* [Exercise]:
Shown below is a listing with pictures; reproduce exactly, and only, the lines between the ones containing "Awesome Hippie Born" and "Oro Laminado Pendant", inclusive, leaving the pictures out.

* [The records]:
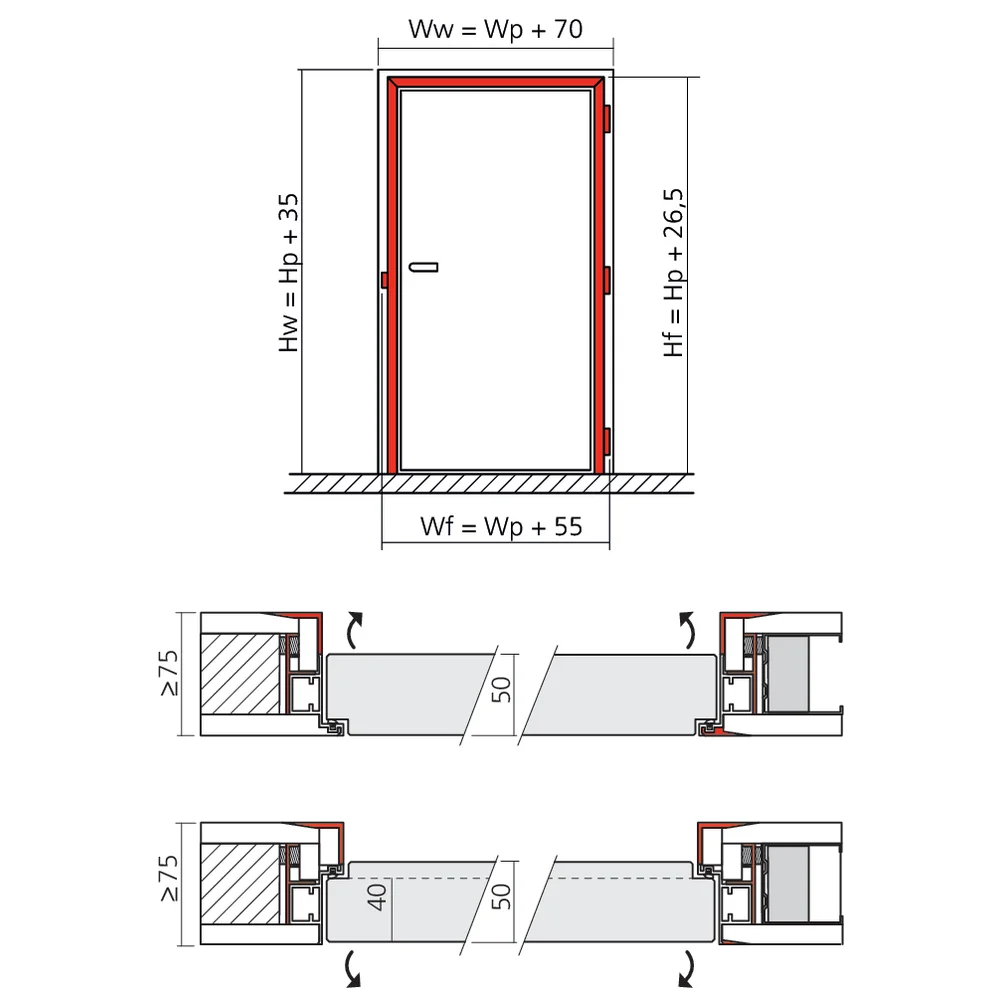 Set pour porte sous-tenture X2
...
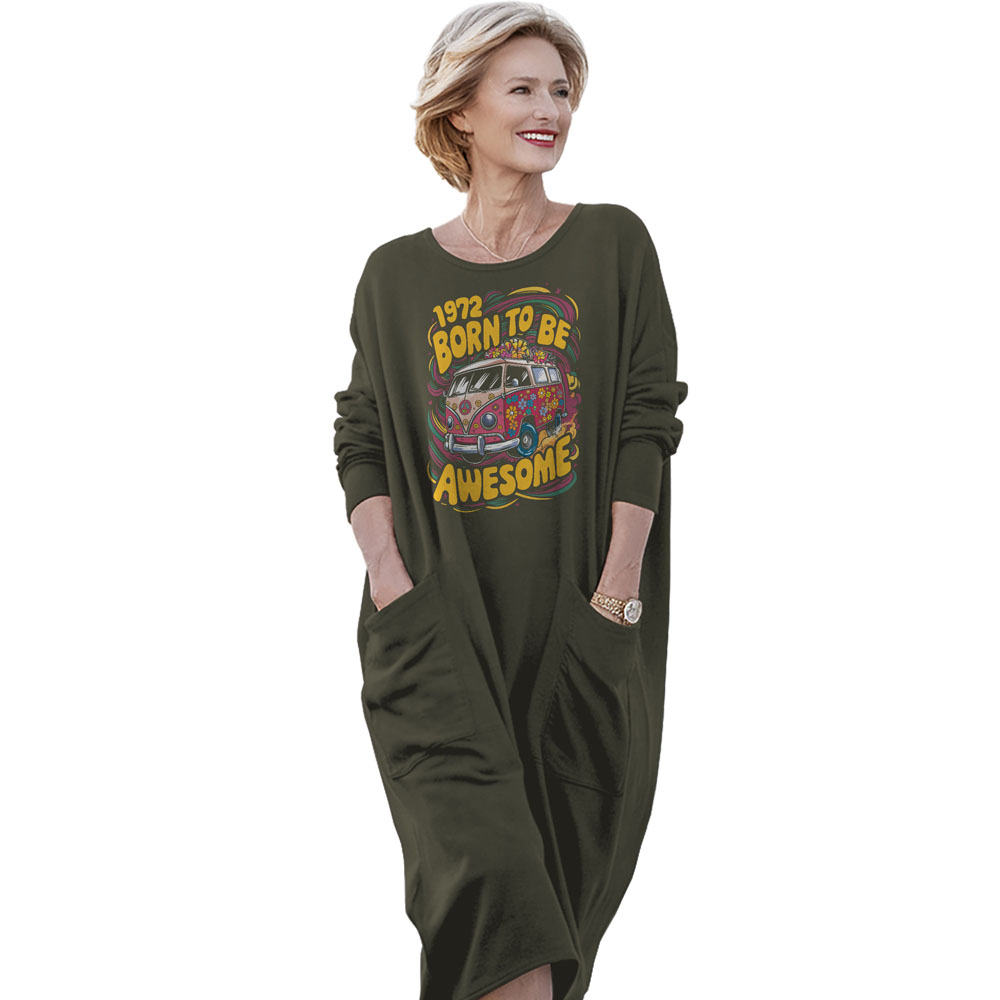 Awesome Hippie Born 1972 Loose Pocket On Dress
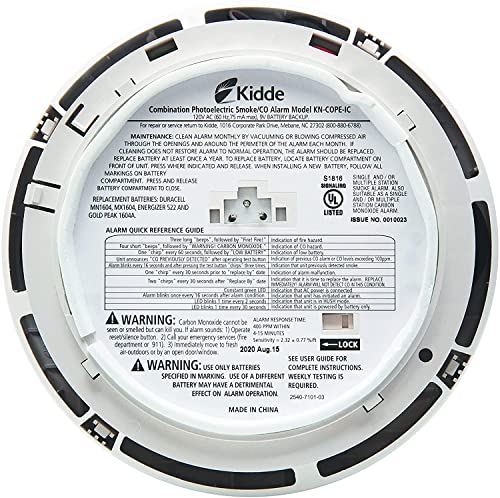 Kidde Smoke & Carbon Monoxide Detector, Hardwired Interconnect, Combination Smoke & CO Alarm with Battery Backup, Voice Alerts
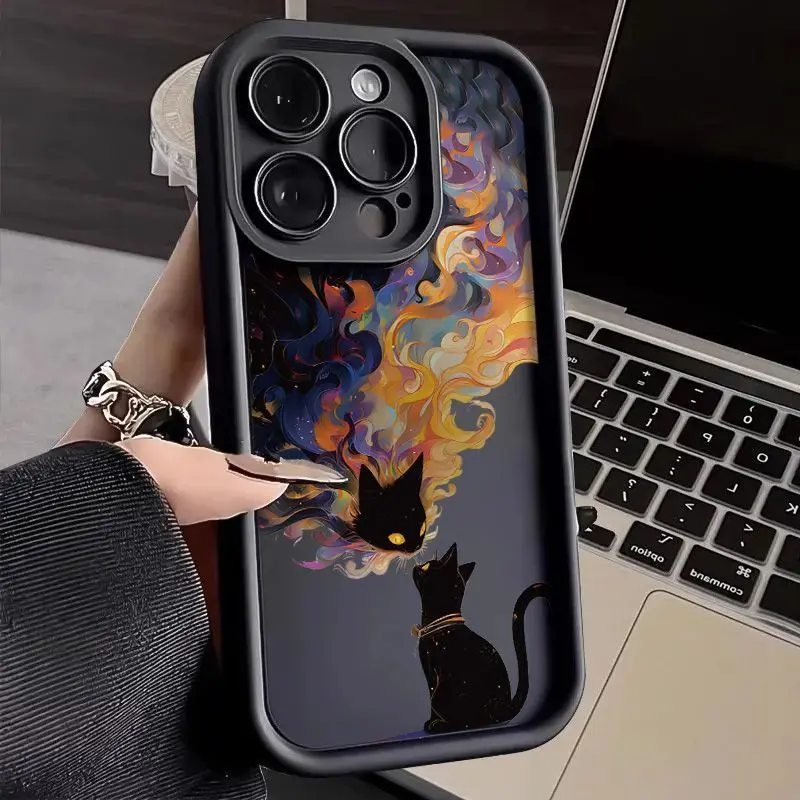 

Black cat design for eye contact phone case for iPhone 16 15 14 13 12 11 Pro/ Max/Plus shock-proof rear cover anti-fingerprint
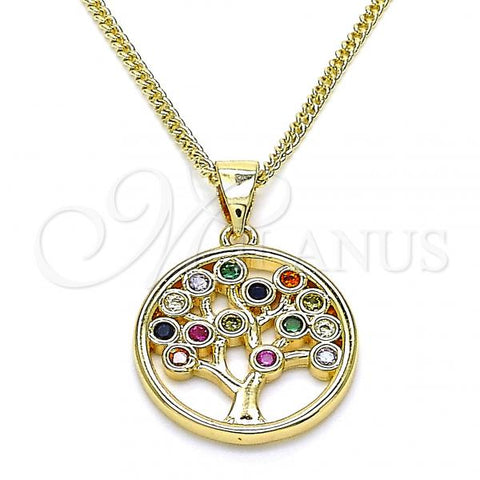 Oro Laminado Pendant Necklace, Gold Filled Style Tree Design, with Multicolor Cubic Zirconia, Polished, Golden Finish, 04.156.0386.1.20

* [Written response]:
 Awesome Hippie Born 1972 Loose Pocket On Dress
 Kidde Smoke & Carbon Monoxide Detector, Hardwired Interconnect, Combination Smoke & CO Alarm with Battery Backup, Voice Alerts

Black cat design for eye contact phone case for iPhone 16 15 14 13 12 11 Pro/ Max/Plus shock-proof rear cover anti-fingerprint
 Oro Laminado Pendant Necklace, Gold Filled Style Tree Design, with Multicolor Cubic Zirconia, Polished, Golden Finish, 04.156.0386.1.20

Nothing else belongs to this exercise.